§ **YOUR ASSIGNMENT**:
Start at the line below containing "Isabella - Orthopedische" and stop at the line containing "Image of Pistaa's". Repeat every line of that stretch exactly, and nothing outside it.

§ **MATERIAL TO PROCESS**:
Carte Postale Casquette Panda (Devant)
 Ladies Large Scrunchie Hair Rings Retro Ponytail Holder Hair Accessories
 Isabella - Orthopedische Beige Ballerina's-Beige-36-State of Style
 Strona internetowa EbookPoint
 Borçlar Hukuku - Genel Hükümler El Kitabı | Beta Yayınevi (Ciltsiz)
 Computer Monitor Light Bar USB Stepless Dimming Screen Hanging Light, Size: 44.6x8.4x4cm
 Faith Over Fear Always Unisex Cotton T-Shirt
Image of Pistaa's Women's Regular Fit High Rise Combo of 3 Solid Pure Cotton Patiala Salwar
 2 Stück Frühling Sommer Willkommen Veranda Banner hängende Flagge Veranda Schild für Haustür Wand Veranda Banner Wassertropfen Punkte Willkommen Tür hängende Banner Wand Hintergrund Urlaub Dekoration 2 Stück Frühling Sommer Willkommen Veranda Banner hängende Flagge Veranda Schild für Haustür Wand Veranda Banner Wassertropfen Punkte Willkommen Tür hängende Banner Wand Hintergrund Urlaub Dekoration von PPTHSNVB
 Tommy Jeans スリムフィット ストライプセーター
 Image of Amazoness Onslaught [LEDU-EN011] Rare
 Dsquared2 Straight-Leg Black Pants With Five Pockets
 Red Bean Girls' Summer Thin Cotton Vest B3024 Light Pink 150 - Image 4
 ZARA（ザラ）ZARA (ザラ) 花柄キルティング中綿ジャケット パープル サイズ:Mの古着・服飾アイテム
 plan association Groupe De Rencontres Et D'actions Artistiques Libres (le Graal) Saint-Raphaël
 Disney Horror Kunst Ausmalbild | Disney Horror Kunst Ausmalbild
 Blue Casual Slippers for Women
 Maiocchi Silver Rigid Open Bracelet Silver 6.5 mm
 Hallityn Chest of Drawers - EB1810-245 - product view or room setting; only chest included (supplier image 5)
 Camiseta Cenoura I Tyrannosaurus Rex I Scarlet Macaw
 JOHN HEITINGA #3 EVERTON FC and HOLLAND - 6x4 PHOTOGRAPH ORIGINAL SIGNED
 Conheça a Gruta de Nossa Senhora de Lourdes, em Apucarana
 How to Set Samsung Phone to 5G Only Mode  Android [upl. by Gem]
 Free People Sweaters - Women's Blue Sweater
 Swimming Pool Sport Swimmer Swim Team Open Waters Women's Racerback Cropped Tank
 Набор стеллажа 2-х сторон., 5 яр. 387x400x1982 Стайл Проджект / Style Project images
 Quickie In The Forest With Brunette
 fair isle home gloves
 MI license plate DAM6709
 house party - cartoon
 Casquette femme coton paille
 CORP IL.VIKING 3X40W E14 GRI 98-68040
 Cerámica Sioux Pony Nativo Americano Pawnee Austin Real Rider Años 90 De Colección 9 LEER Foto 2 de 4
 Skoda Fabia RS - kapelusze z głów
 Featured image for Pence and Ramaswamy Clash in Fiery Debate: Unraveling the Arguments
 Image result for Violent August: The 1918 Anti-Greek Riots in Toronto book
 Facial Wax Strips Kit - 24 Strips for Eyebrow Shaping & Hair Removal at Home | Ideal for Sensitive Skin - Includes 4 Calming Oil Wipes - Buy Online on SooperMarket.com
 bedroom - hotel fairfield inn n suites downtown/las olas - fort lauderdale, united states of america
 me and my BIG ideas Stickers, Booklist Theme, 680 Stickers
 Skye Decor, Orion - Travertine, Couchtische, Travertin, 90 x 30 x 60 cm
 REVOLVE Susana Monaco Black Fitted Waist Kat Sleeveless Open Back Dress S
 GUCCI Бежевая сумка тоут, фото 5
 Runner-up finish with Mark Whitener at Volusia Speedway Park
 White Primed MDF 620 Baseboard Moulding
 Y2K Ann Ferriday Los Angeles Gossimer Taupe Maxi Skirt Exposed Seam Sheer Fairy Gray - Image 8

§ **EXPECTED OUTPUT**:
 Isabella - Orthopedische Beige Ballerina's-Beige-36-State of Style
 Strona internetowa EbookPoint
 Borçlar Hukuku - Genel Hükümler El Kitabı | Beta Yayınevi (Ciltsiz)
 Computer Monitor Light Bar USB Stepless Dimming Screen Hanging Light, Size: 44.6x8.4x4cm
 Faith Over Fear Always Unisex Cotton T-Shirt
Image of Pistaa's Women's Regular Fit High Rise Combo of 3 Solid Pure Cotton Patiala Salwar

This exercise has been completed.